The Experiment Loop Without the GPU

When Andrej Karpathy published autoresearch, most people read it as a GPU story. An H100 running a hundred experiments while you sleep, autonomously modifying a training loop, chasing a lower validation loss. The headline writes itself: AI doing AI research.

But there’s a quieter idea underneath, and it doesn’t require any particular hardware.

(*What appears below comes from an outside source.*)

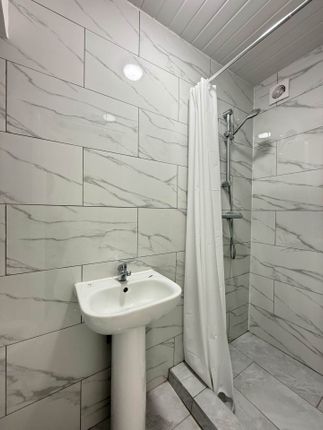 18, Purcell Road, Greenford photo 4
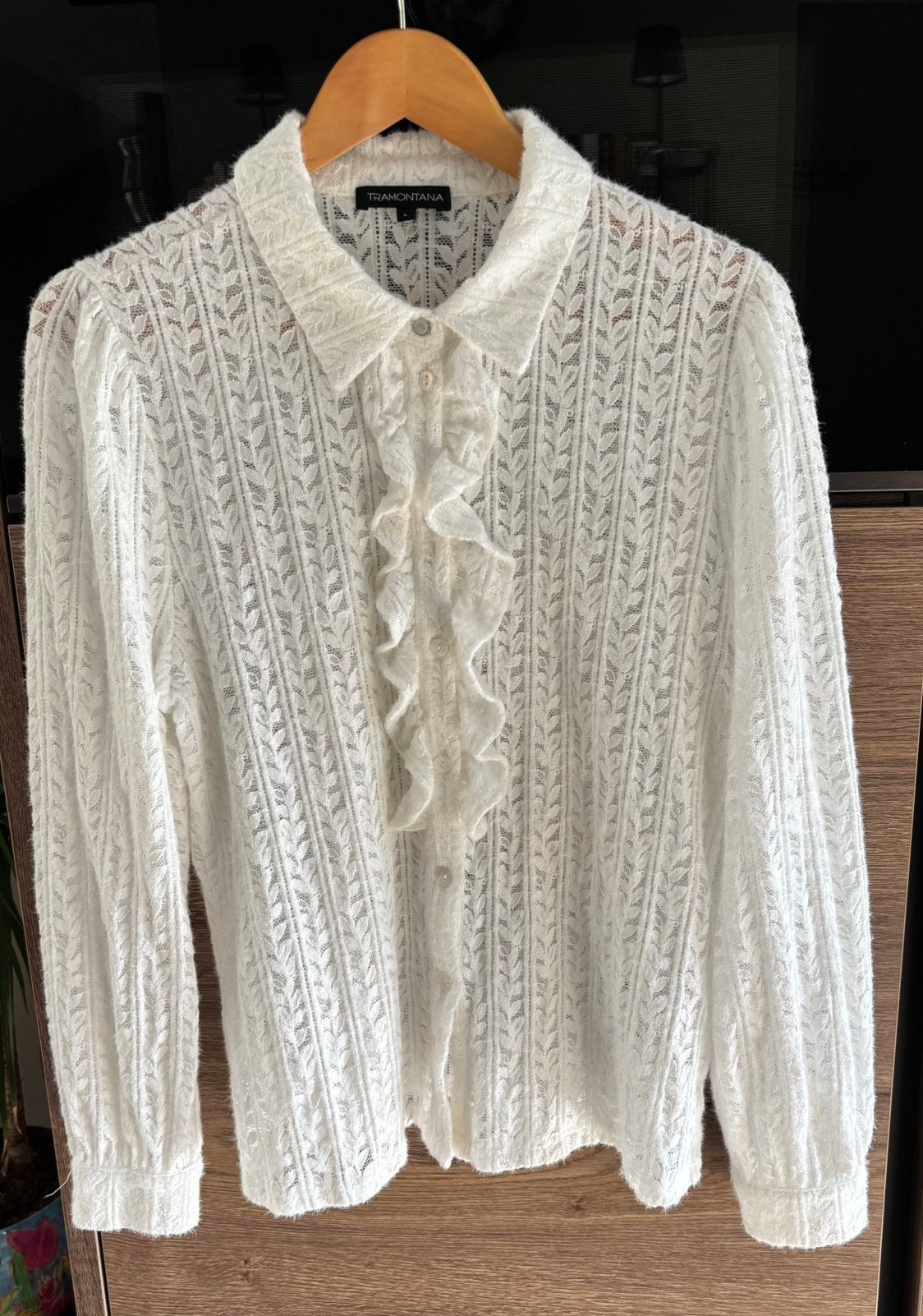Maat 40. Prachtige blouse van Tramontana., Ophalen of Verzenden, Zo goed als nieuw, Maat 38/40 (M), Wit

The repo has three files. prepare.py is fixed — it downloads data and trains a tokenizer and you never touch it again. train.py is what the agent edits: the model architecture, the optimizer settings, the batch size, anything. And program.md is a Markdown file you write to tell the agent how to think about the problem — what to try, what to avoid, what the goal actually is. The agent proposes a change to train.py, runs it for exactly five minutes, checks whether the validation metric improved, keeps the change if it did, discards it if it didn’t, then repeats.

What makes this work isn’t the agent’s ability to write PyTorch. It’s four constraints Karpathy imposed before the loop even starts.

Every run gets exactly five minutes of wall clock time, regardless of what the agent tried. This makes results comparable — you can’t game the metric by spending longer on a promising run. The metric is a single number, bits per byte, chosen because it stays meaningful across architectural changes that would make other metrics incompatible. Changes are isolated: one variable per experiment, never two simultaneously, so you always know what caused an improvement. And the budget is fixed before you start — roughly a hundred experiments overnight — so you stop when the budget runs out, not when you feel like you’ve found something good enough.

These constraints exist to solve a specific failure mode: the feeling of rigour without its substance. Anyone who has done prompt engineering or A/B testing has experienced its opposite — trying a few things, keeping the one that seemed better, calling it done. The loop formalises what should have been happening anyway.

The GPU is load-bearing for the ML training part. The discipline is not.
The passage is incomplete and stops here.